Just pick up an air/gas cooled tig torch with a gas valve, a bottle of argon and a regulator/flow meter and your tig welding steel and stainless steel with scratch start on DC- (straight) polarity. Use DC+ (reverse) polarity for all stick welding. Leave the aluminum welding to a deticated high frequency ac machine with remote amptrol.
This is the same set up I use with my Idealarc 250. It works very well and is a cost effective welding machine.
 
#5 ·
I am waiting for the guy to send me some pictures. If it looks usable I am going to pick it up. The timing kinda sucks. I am going to be moving in about a month and I will have another heavy piece of shop equipment to move. When I see a good deal on a tool I have to buy it weather I need It or not,(its a sickness):eek:
 
#9 · (Edited)
Cleaning, a little body and fender work (block of steel and a BFH), and some paint will do wonders for that welder. The leads are most likely attached with lugs to the back end of the connectors. All you will need to do is buy the correct plugs from your LWS and put them on the leads, then plug them in. My DialArc HF had a case in similar condition when I bought it. Keep in mind that these welders are 30-45 years old, so very few are going to look pretty when you find them. I beat the dents out of my covers, sanded and filled a few spots and then painted mine. If you get up close and look at it you can tell that I'm not very good at body and fender type work, but it's clean and the right color again. A sign maker friend even made me new some Miller labels to put on it.

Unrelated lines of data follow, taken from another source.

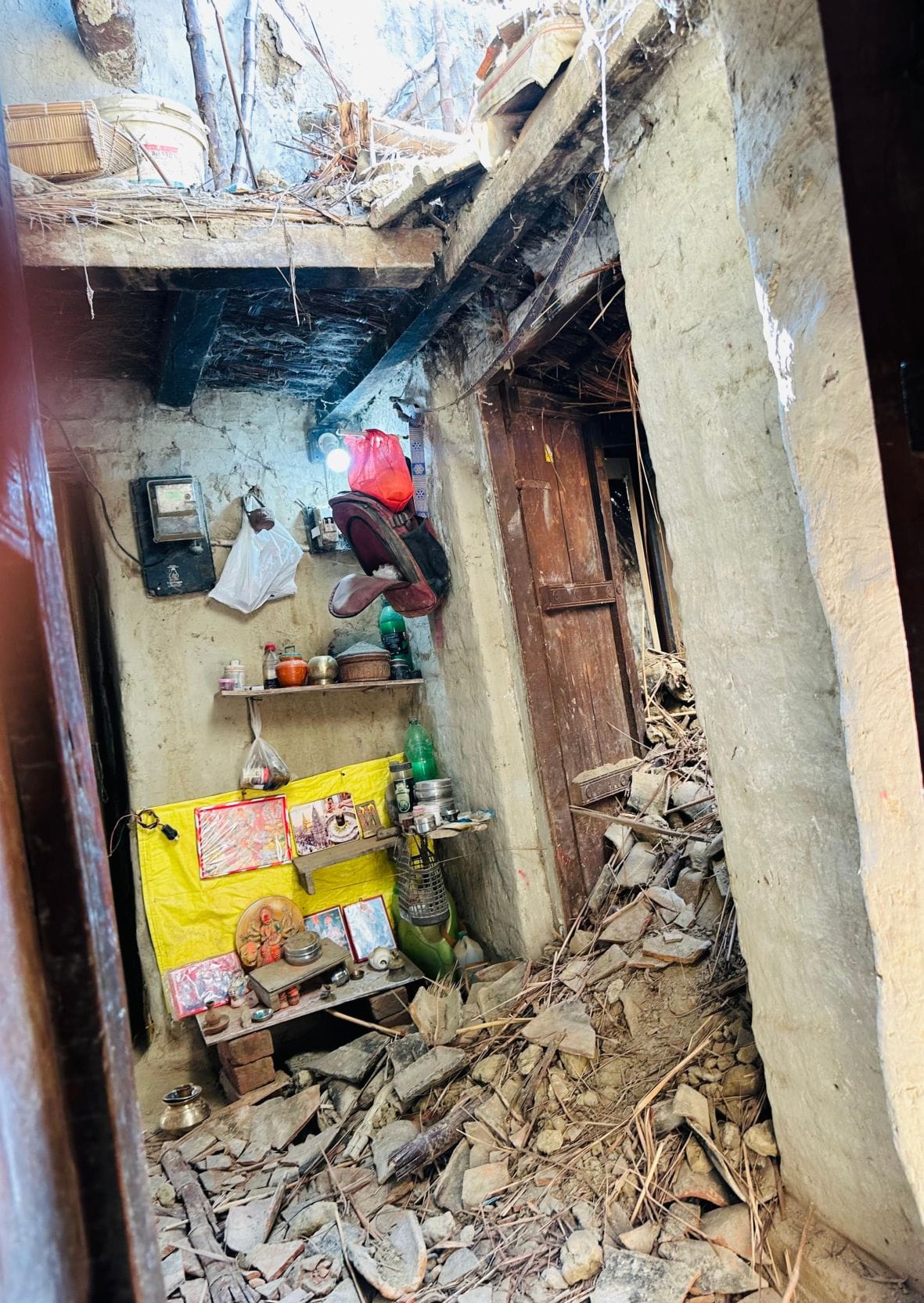 A woman lost her life when the parapet of the house collapsed while she was sleeping.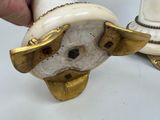 a white and gold statue of a dog with a hat on it ' s head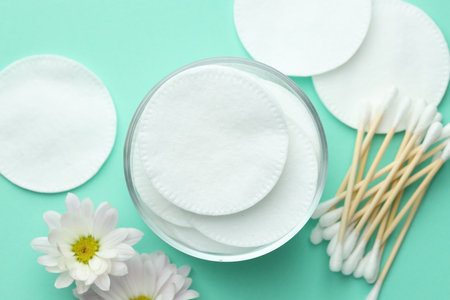 Clean cotton pads, swabs and flowers on turquoise background, flat layの写真素材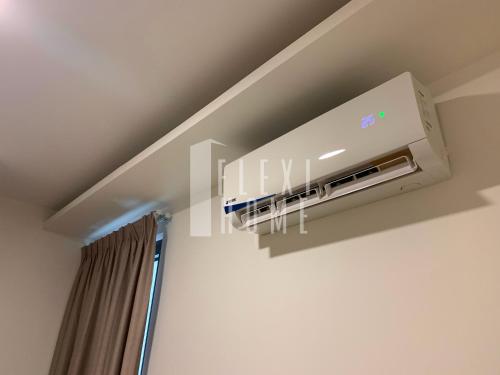 a wall mounted air conditioner in a ceiling at Spacious Big Room, Designed & Quiet Family Home, Eclipse in Cyberjaya by Flexihome-MY in Cyberjaya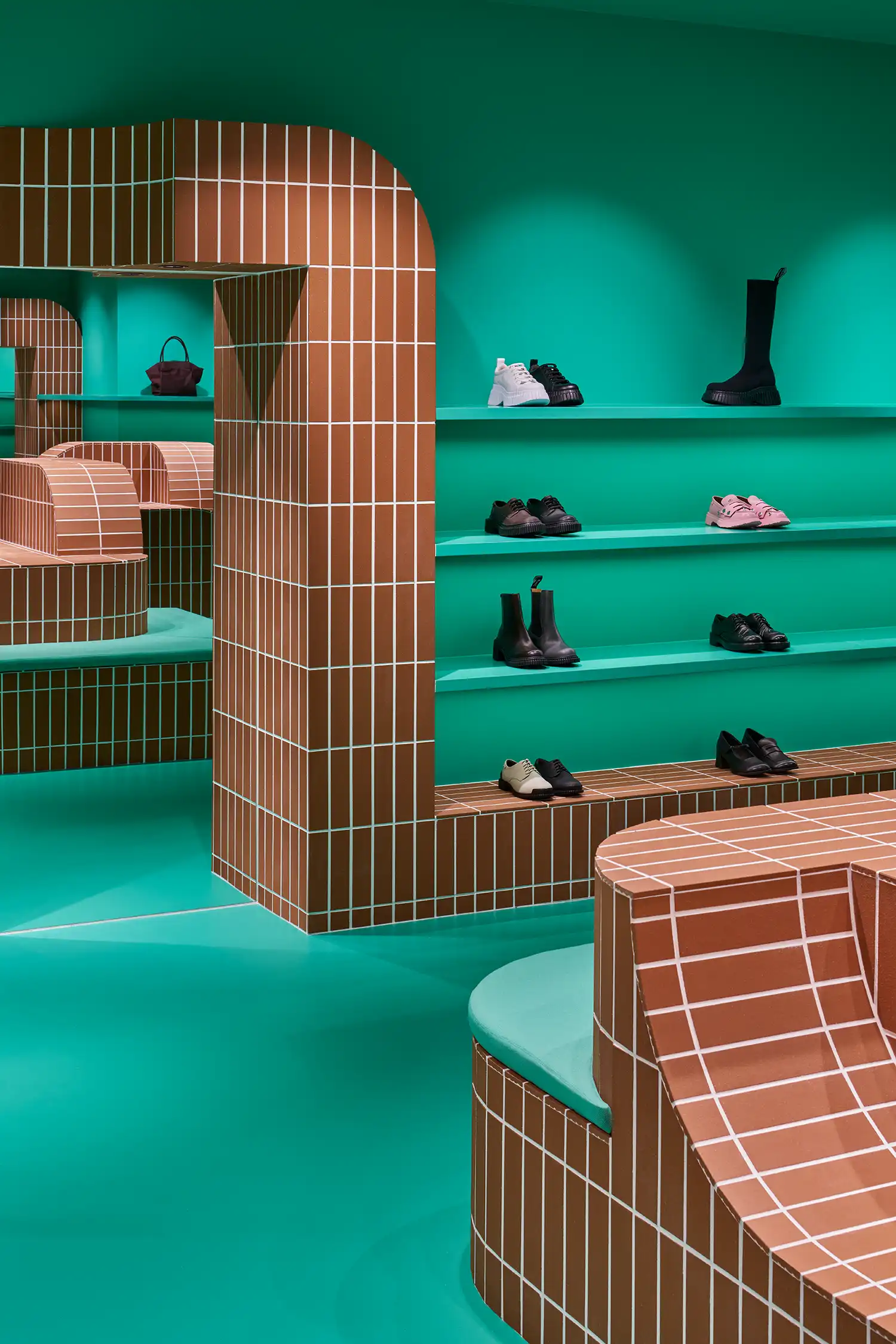 Detail of a terracotta tile archway reflecting in a mirror within the teal store.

Here's a link to the thread about it with pictures.

http://weldingweb.com/showthread.php?t=34034

I haven't had time to do much else to it since then. The plan was to remove the welder from the lower frame and paint the frame black. I was also going to make some drawers for the lower space in the frame, but that hasn't happened either. It looks a bit top heavy, but it's much more stable than it looks. It never moves anyway, except when the floor is getting cleaned under it. The only time that it's been outside is when I took the pictures. Maybe it'll get finished later in the Summer when things slow down a bit.

If that one welds it's worth the money. I wouldn't hesitate to buy it myself and I don't even need it.

Buying a high frequency box to TIG with it probably isn't worth the effort and expense, since you will also need to find and buy an air cooled torch and some kind of remote current control like a foot pedal, and then modify the welder to be able to use it.. Get this welder and fix it up, then keep looking for a DiaArc HF or another old welder that has TIG capability. Cleaned and fixed up this welder will likely get you 2-3 times your investment if/when you decide to sell it and you will have learned a whole lot about welders in the process.

Charley
 
#12 ·
Yea, the outer rain bands are reaching me this afternoon. We've just had a bunch of rain since about 5 PM, but it's hazy clear again now.

If you look at the link in my previous post you will see what a DialArc HF looks like. It's similar in appearance, but has a few more controls on the front panel and switches and plugs for connecting the foot pedal. The cover immediately below the front panel covers the lead connections (bolt type lugs) and the gas and water solenoid valves. There's also a hole between the valves (also behind the cover) to access the HF spark gap.

Try it before you buy it, even if it's only to see if you can get a hot spark in both AC and DC. Take your helmet, some 6010 rods or whatever you have and some scrap metal. If it welds it will be relatively easy to fix it up. If it only works on AC you will likely need to replace some diodes, but at that price it's still worth it.

If you can get the serial number (upper left corner of the front panel) you can download a manual from Mikker's website and you can find out from the first 2 letters of the serial what year it was made.